La bataille de Marib est essentielle pour les deux forces qui s’affrontent : les Houthis qui mènent leur offensive sur Marib depuis février 2021, et les forces gouvernementales qui tentent de contrer cette offensive. Les forces gouvernementales ont perdu du terrain depuis que les rebelles houthis ont réussi à s’emparer de la totalité de la province d’Al Bayda, au centre du Yémen et ainsi de s’avancer vers le sud du Yémen et vers la région de Shabwa. Cette avancée décisive datant de début septembre a permis aux Houthis d’accroître par le sud leur pression sur Marib ainsi que sur la région de Shabwa [2], aux portes du Hadramout, une vaste région encore tenue par les forces gouvernementales.

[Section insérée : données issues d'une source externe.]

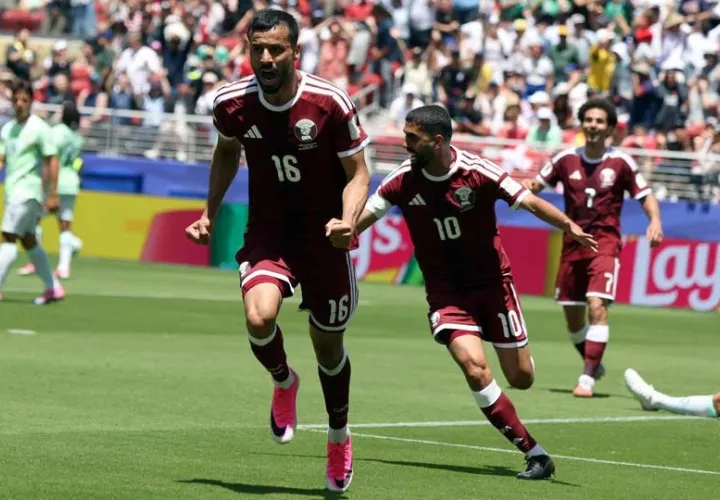 Boualem Khoukhi, de Catar (16) anotó el gol que le dio el empate 1-1 a su equipo en el debut en el Mundial 2026 ante Suiza. Foto EFE
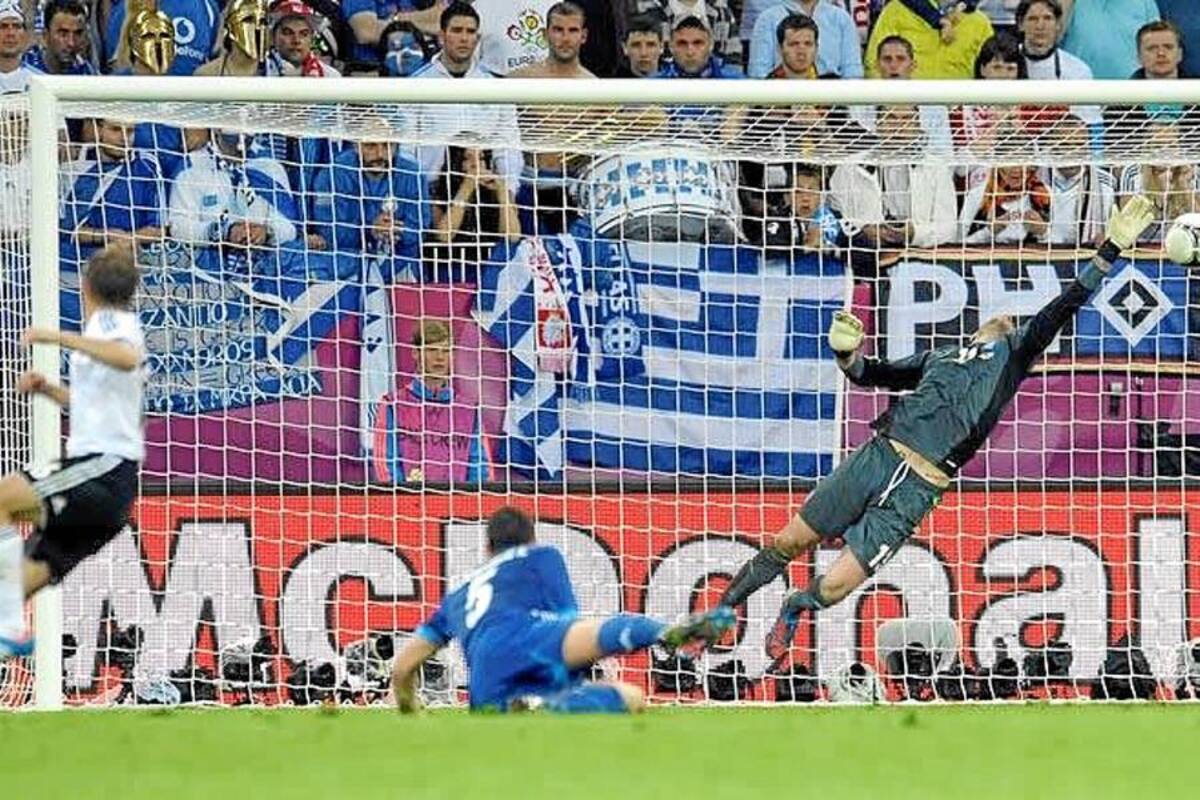 El jugador de la selección alemana, Philipp Lahm, marca el 1-0 en el partido correspondiente a los cuartos de final de la Eurocopa 2012 entre las selecciones de Grecia y Alemania. (Foto: EFE / VANGUARDIA LIBERAL)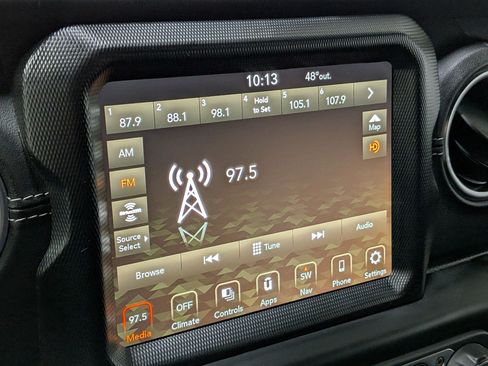 Used 2023 Jeep Wrangler Unlimited Sahara AWD/4WD image 23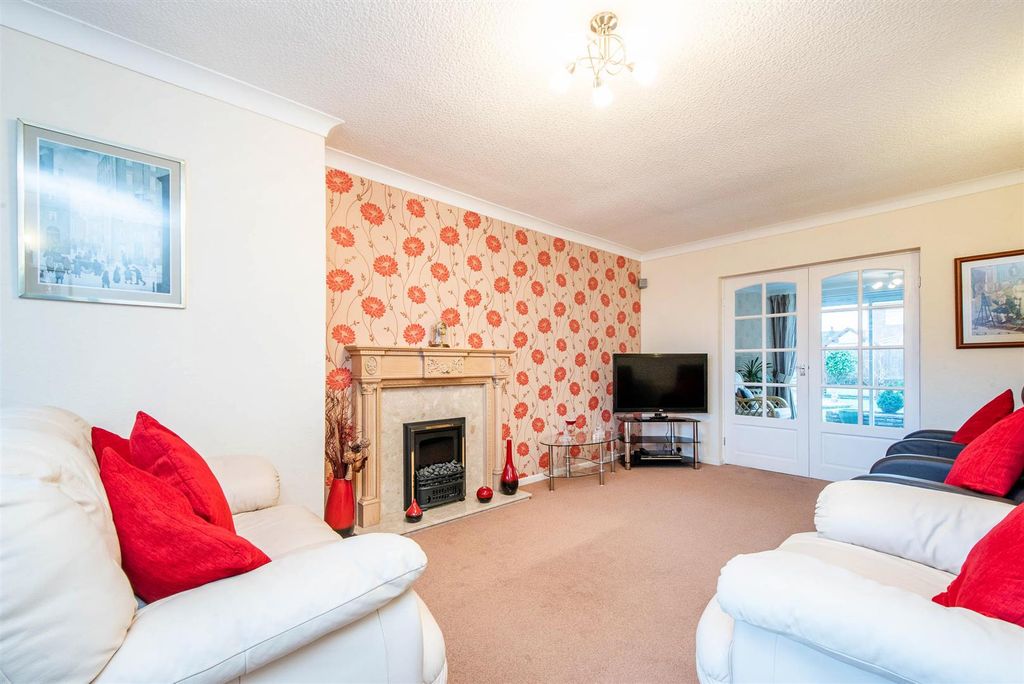 Property photo 3 of 22 Lounge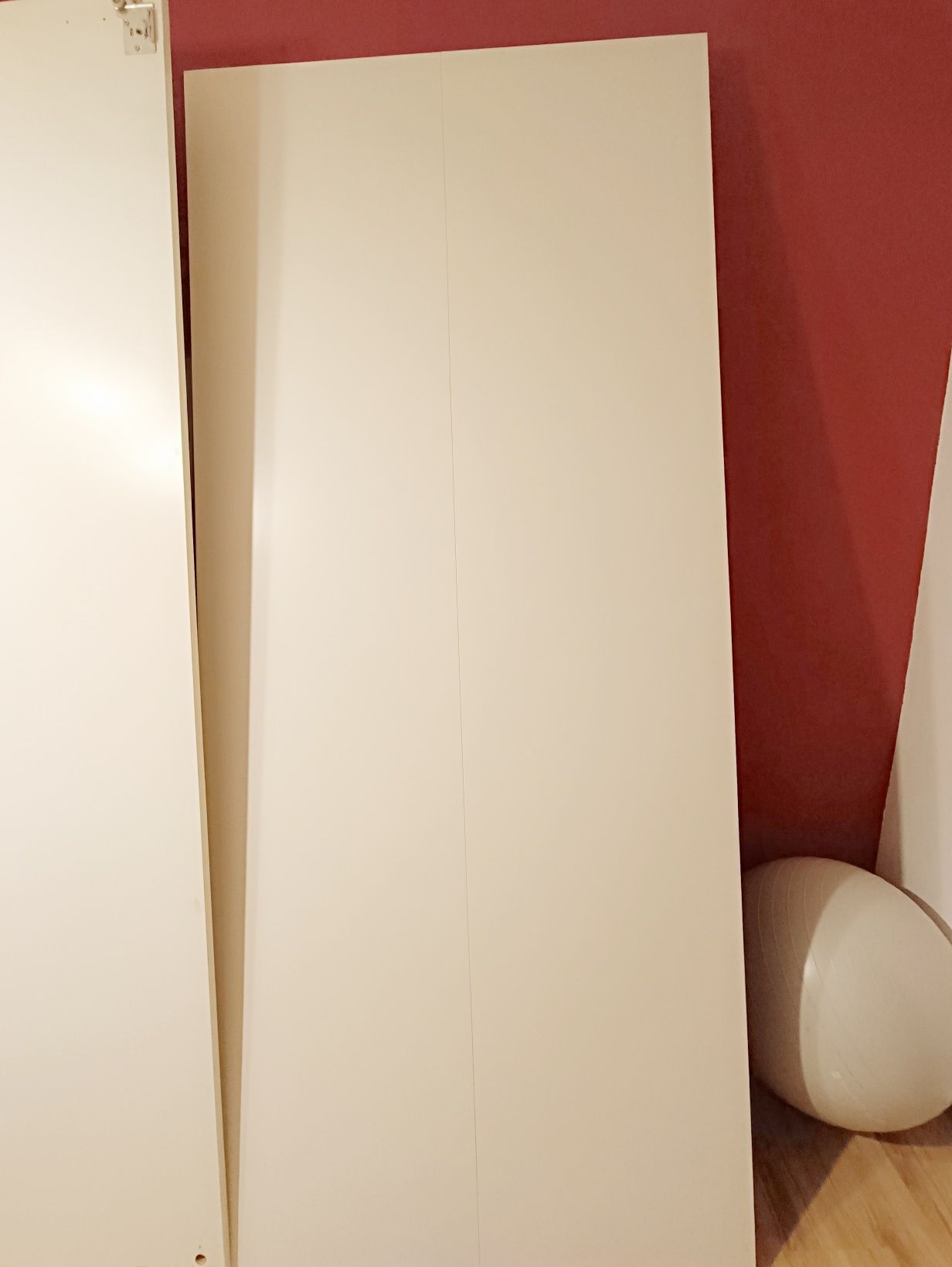 Drzwi przesuwne do szafy białe w idealnym stanie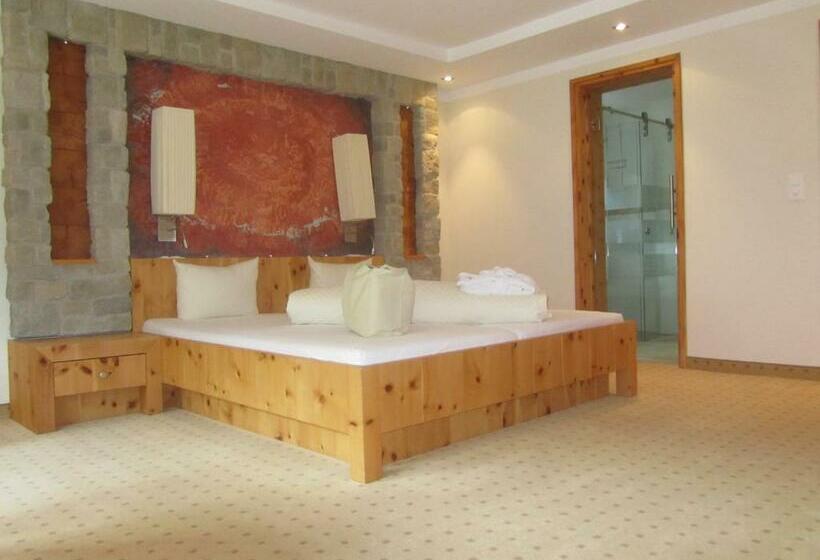 سوییت جونیور, Des Alpes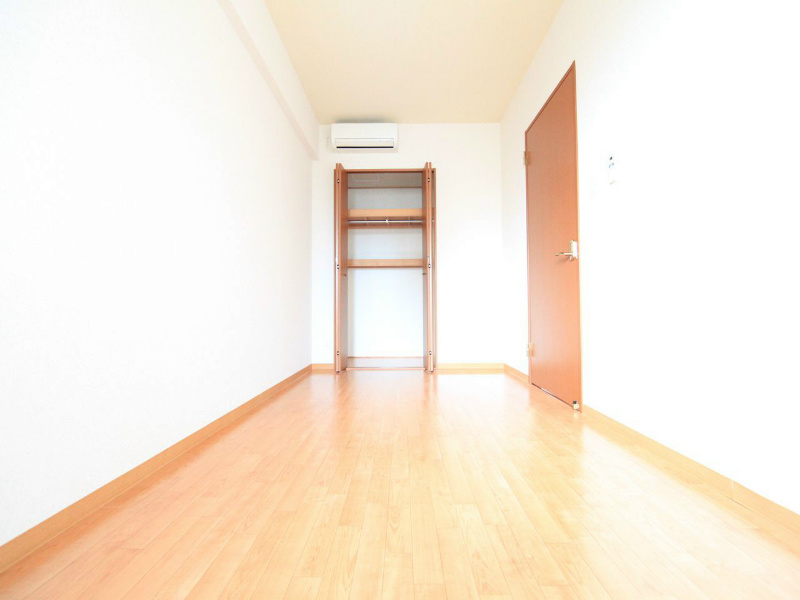 その他部屋・スペース　洋室6帖　クローゼット付（収納充実してます）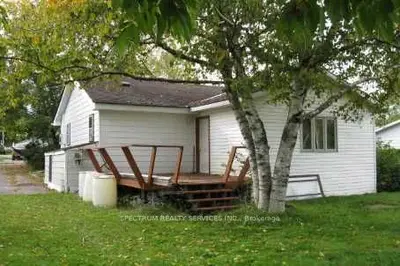35 Robinson Avenue, Kawartha Lakes, On K0m 2b0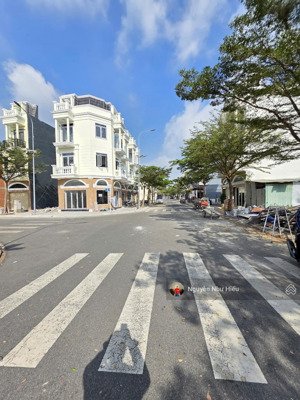 hàng hiếm ( 5x15m ) trục chính kdc icon central phía sau có công viên, p.tân đông hiệp, tp.dĩ an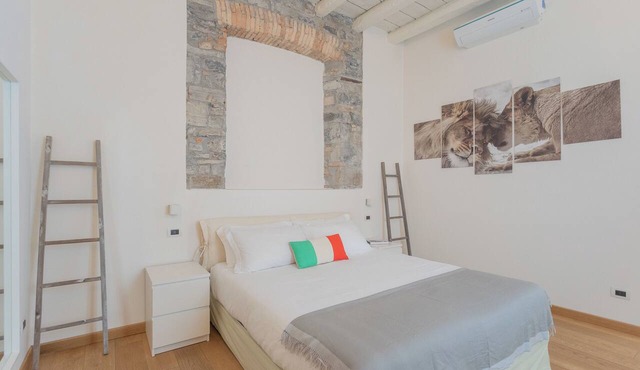 Wine Not Apartment in Como City Centre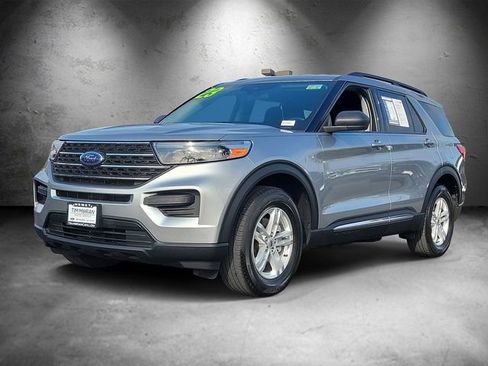 Used 2023 Ford Explorer XLT AWD/4WD image 5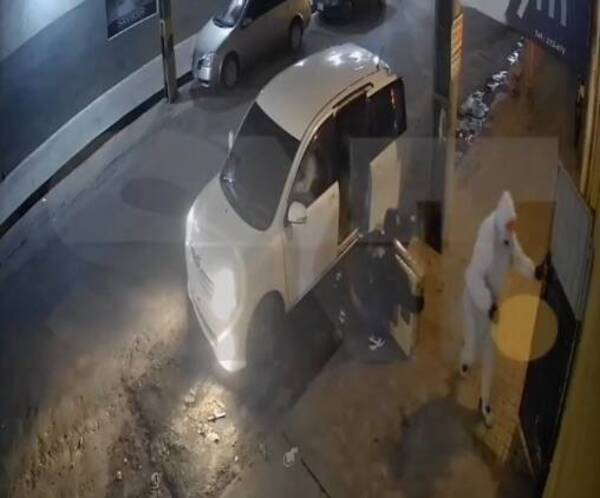[VIDEO] Patrullera pasó la lado de un robo y los polis ni pillaron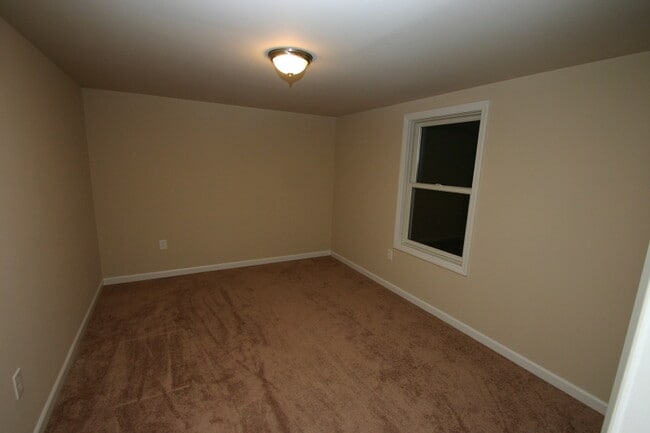 164 Old Croton Rd in Flemington, NJ - Foto de edificio - Building Photo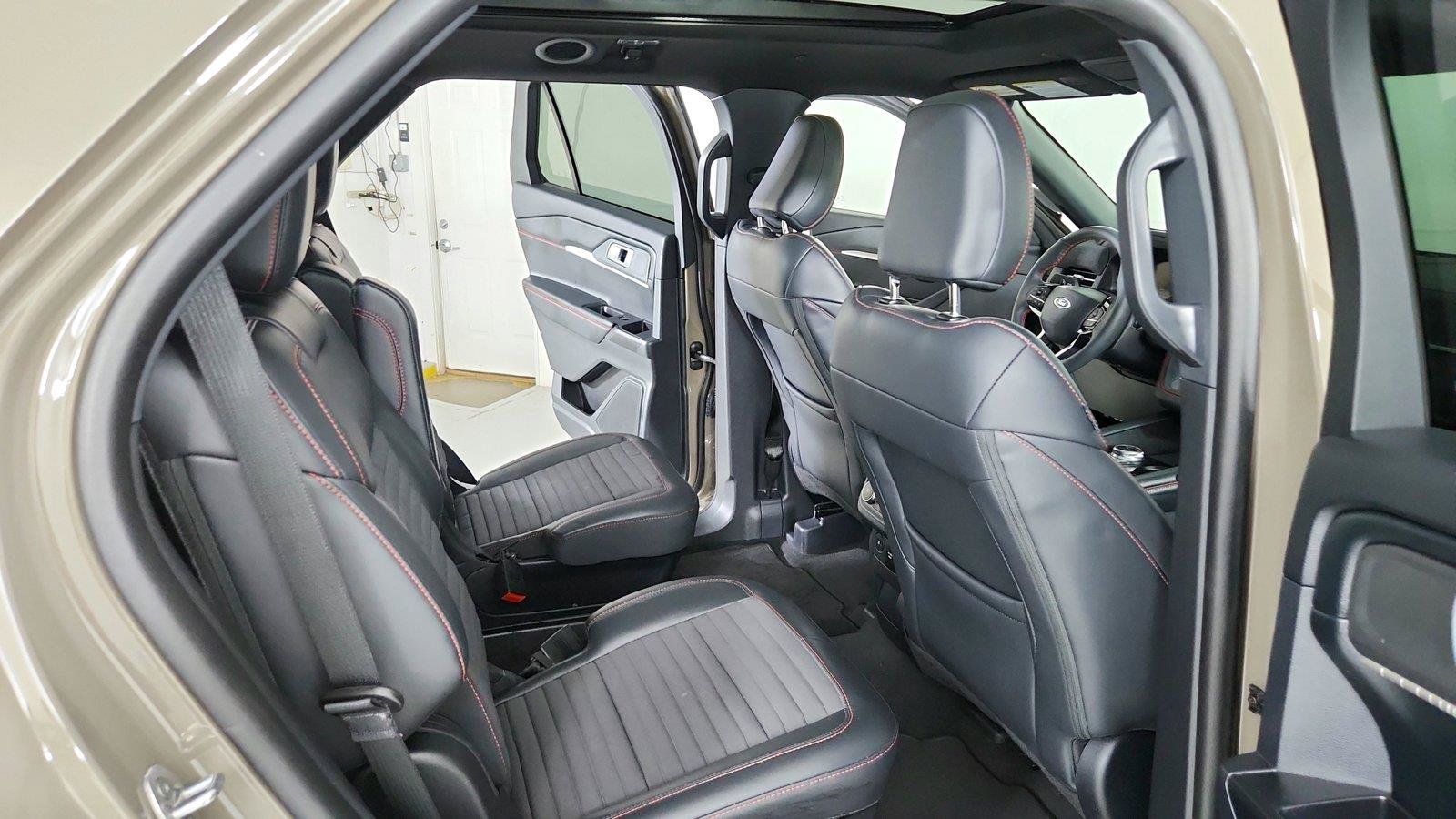 Used 2026 Ford Explorer ST-Line w/ ST-Line Street Pack AWD/4WD image 29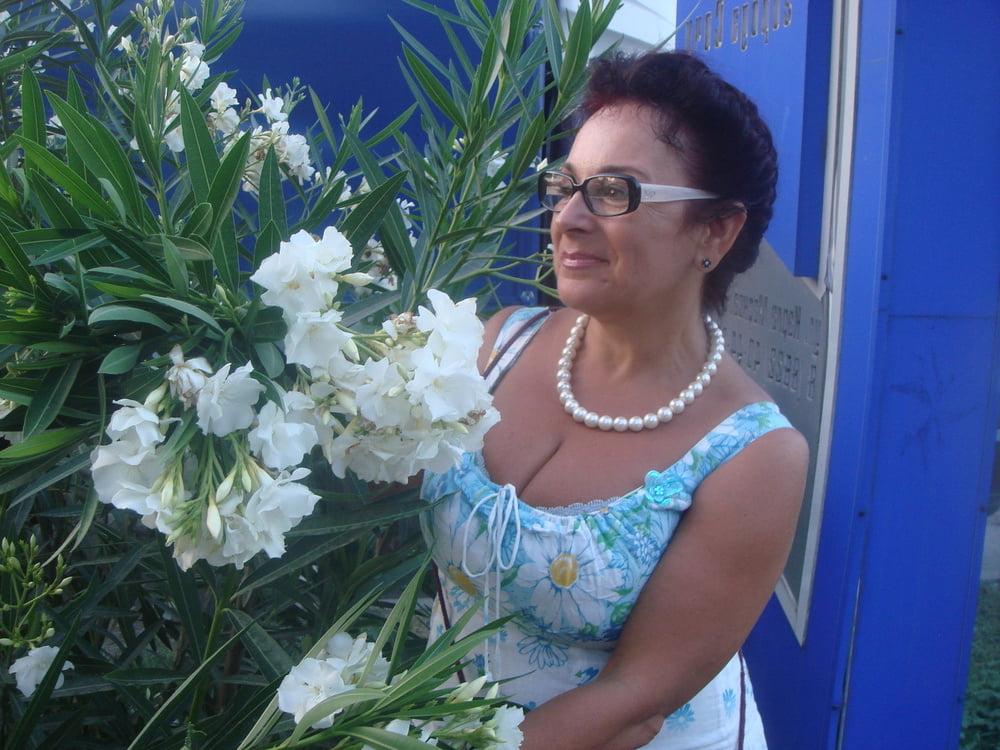 14P Busty Russian Woman 3657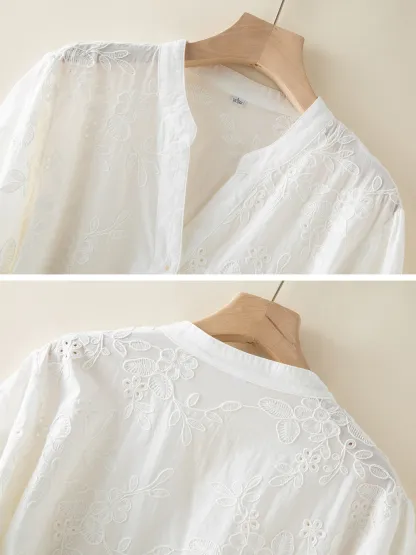 コットン100％レース刺繍入りVネックブラウス
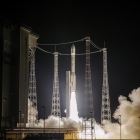 Momnet de l'enlairament del coet Vega que duia el satèl·lit espanyol.
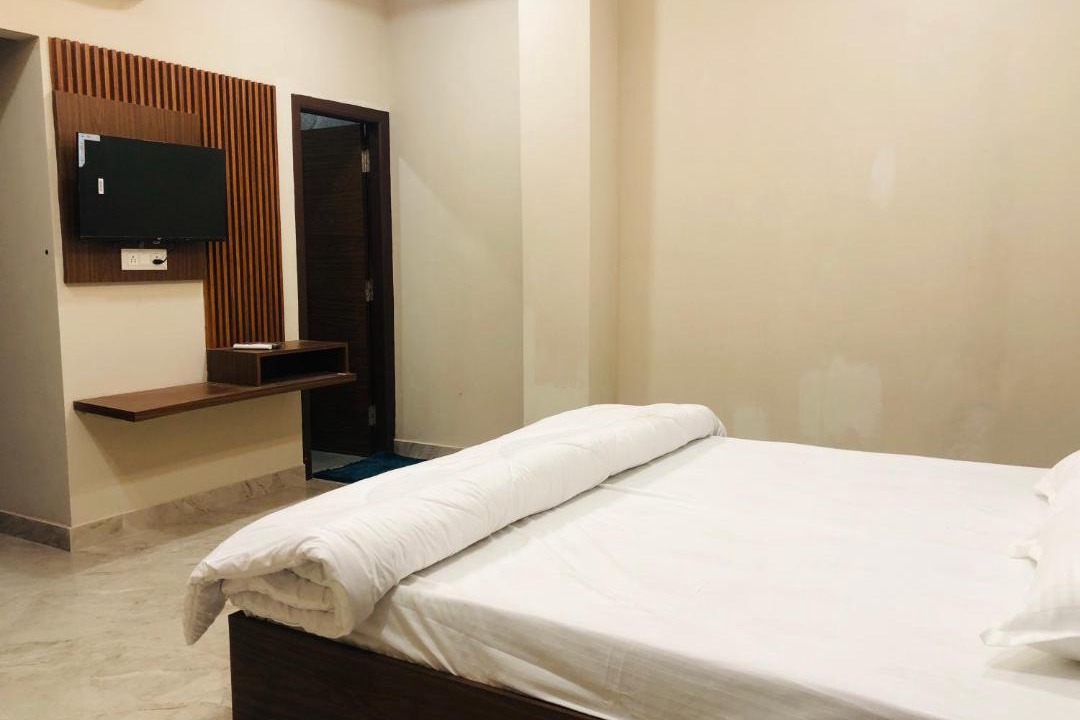 Phagwara Hotel | KANHA HOTEL & Homestay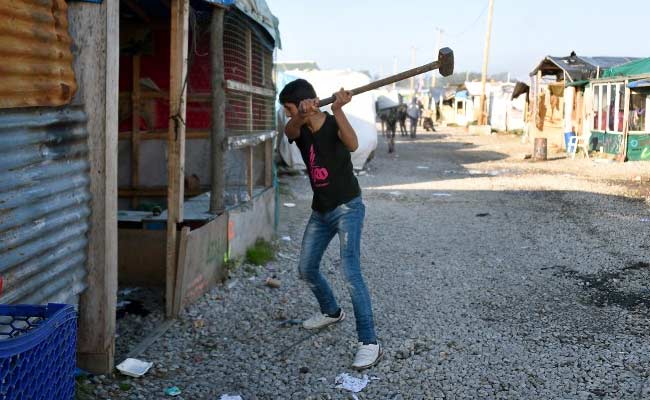 France Begins Demolition Of 'Jungle' Migrant Camp In Calais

Marib et Shabwa sont deux régions importantes sur le plan économique pour le camp gouvernemental, concentrant toutes deux des ressources pétrolifères importantes. La perte de Marib serait une défaite sévère pour le gouvernement yéménite du président Hadi, étant le dernier bastion gouvernemental à l’est du Yémen. Ce serait ainsi sur le plan politique, symbolique et économique, une perte très importante pour le camp gouvernemental.
De plus, il y aurait deux millions d’habitants à Marib (sous réserve que les chiffres soient exacts). Marib a accueilli de nombreux réfugiés venus de toutes les régions du Yémen qui subissent aujourd’hui de plein fouet les conséquences de cette guerre. En effet, plusieurs quartiers résidentiels ont été bombardés par les rebelles houthis et des pertes importantes sont survenues au sein de la population civile.
Cette bataille a aussi provoqué de nombreuses pertes militaires des deux côtés. Depuis plus d’un an, les offensives houthies ont été très sanglantes et très meurtrières pour le camp des forces gouvernementales ainsi que pour leur propre camp, la coalition arabe menée par l’Arabie saoudite tentant d’empêcher l’avancée houthie par des frappes aériennes. En outre, de nombreuses forces tribales participent aux combats dans la région de Marib. Menées par Sultan Al-Arada, le gouverneur de Marib, qui est aussi un de ses cheikhs de tribu parmi les plus importants, elles défendent, de manière d’autant plus acharnée, leur territoire qu’elles sont sunnites et hostiles à l’idéologie houthie.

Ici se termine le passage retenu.